US-Sondergesandter Holbrooke Mehr deutsche Soldaten nach Afghanistan

Berlin (RPO). Der US-Sondergesandte für Afghanistan, Richard Holbrooke, hat für die Entsendung weiterer Bundeswehr-Soldaten an den Hindukusch geworben. In am Mittwoch veröffentlichten Interviews mit deutschen Medien räumte er zugleich Fehler bei der bisherigen Strategie für Afghanistan ein.

 Richard Holbrooke will aufzeigen, wer die Taliban finanziell unterstützt.

Richard Holbrooke will aufzeigen, wer die Taliban finanziell unterstützt.

Foto: AFP, AFP

Der innenpolitische Sprecher der Unionsfraktion im Bundestag, Hans-Peter Uhl (CSU), äußerte sich skeptisch über eine mögliche Truppenaufstockung.

In einem am Mittwoch veröffentlichten Interview mit der "Süddeutschen Zeitung" antworte Holbrooke auf die Frage, ob die Bundesregierung lieber zusätzliche zivile Helfer oder mehr Soldaten schicken solle: "Schön wäre beides."

Der US-Beauftragte für Afghanistan und Pakistan sagte, es sei "kein Problem", wenn Deutschland für eine derartige Entscheidung noch sechs Wochen brauche. Auch der Entscheidung der US-Regierung, 30.000 zusätzliche Soldaten nach Afghanistan zu schicken, sei eine mehrmonatige Prüfung vorausgegangen.

Holbrooke kritisierte die bisherige internationale Afghanistan-Strategie.
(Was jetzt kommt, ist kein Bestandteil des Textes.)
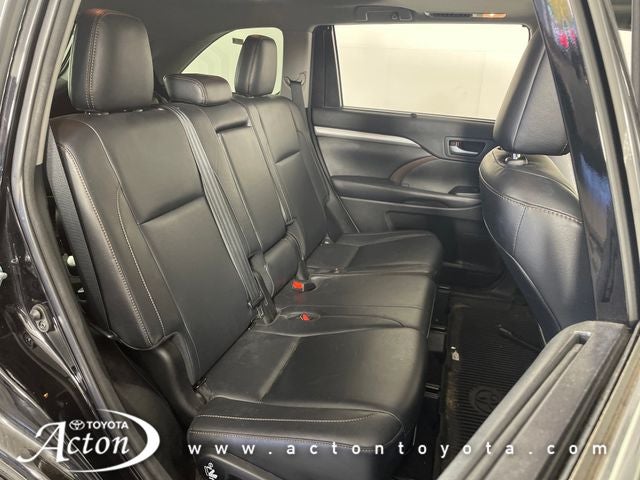 2018 Toyota HIGHLANDER XLE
Ursprünglich sei geplant gewesen, dass sich die Deutschen um die Ausbildung der afghanischen Polizei, die Briten um den Kampf gegen den Drogenhandel und die Italiener um den Aufbau des Rechtssystems in Afghanistan kümmerten. "Das Ganze war unkoordiniert und hat uns nicht sonderlich weit gebracht", sagte der US-Gesandte der "SZ". "Im Ergebnis fangen wir im neunten Jahr des Krieges wieder von vorne an."

"Ein Riesenfehler"

Die Entscheidung der USA, sich nach den Terroranschlägen vom 11. September 2001 auf ihren Einsatz im Irak zu konzentrieren, bezeichnete Holbrooke am Dienstag im "heute-journal" des ZDF als "Riesenfehler". "Jetzt müssen wir die Folgen tragen und das reparieren", fügte er hinzu.
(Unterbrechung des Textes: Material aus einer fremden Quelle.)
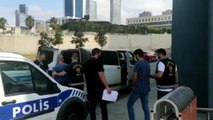 Ataşehir'de polisleri gören şüpheli, uyuşturucu dolu poşeti pencereden attı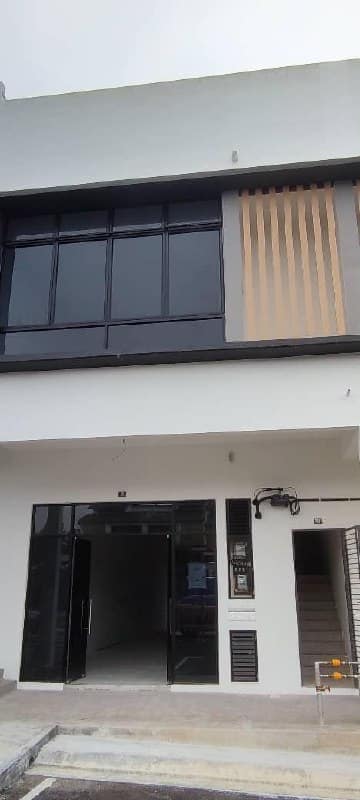 Double storey shoplot Kaze Hill @ Ulu Tiram – photo 1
Im Gespräch mit der "Berliner Zeitung" lobte Holbrooke den Einsatz der Bundeswehr in Nordafghanistan. Die Lage dort werde "immer gefährlicher", so dass die deutschen Soldaten "unabkömmlich" seien. Der von der Bundeswehr angeforderte Luftangriff auf zwei Tanklastzüge nahe Kundus Anfang September habe allerdings "sehr geschadet", sagte Holbrooke.

Der CSU-Politiker Uhl äußerte sich zurückhaltend zu einer möglichen Aufstockung des Bundeswehr-Kontingents in Afghanistan. Nach acht Jahren Bundeswehr-Einsatz am Hindukusch sei es "unangemessen, die Diskussion über mehr oder weniger Soldaten in den Vordergrund zu stellen", zitiert der "Kölner Stadt-Anzeiger" aus einem Positionspapier von Uhl. Vielmehr bedürfe es "einer Überprüfung unserer Ziele und einer effektiven Strategie zu deren Erreichung". Erst danach solle über die dafür notwendigen Mittel nachgedacht werden.

"Überambitionierte Ansätze"

Uhl warnte in dem Papier vor unrealistischen Zielen. "Überambitionierte Ansätze" wie die "Einführung einer zentral organisierten Demokratie" würden nur dazu führen, "dass wir unser umfassendes militärisches Engagement für unabsehbare Zeit aufrechterhalten müssen".

Die geplante Aufstockung des US-Kontingents in Afghanistan wird die Taliban nach Einschätzung eines Vertreters der US-Armee massiv unter Druck setzen. Wenn sich die Aufständischen auf eine direkte Konfrontation mit den US-Soldaten einließen, würden sie "einfach vernichtend geschlagen", sagte der US-Vertreter. Daher würden die Taliban voraussichtlich häufiger Selbstmordattentate verüben.

Der US-Oberkommandierende in Afghanistan, Stanley McChrystal, hatte zuvor vor dem US-Kongress gesagt, die geplante Aufstockung der US-Truppen werde es erlauben, die Taliban zu isolieren.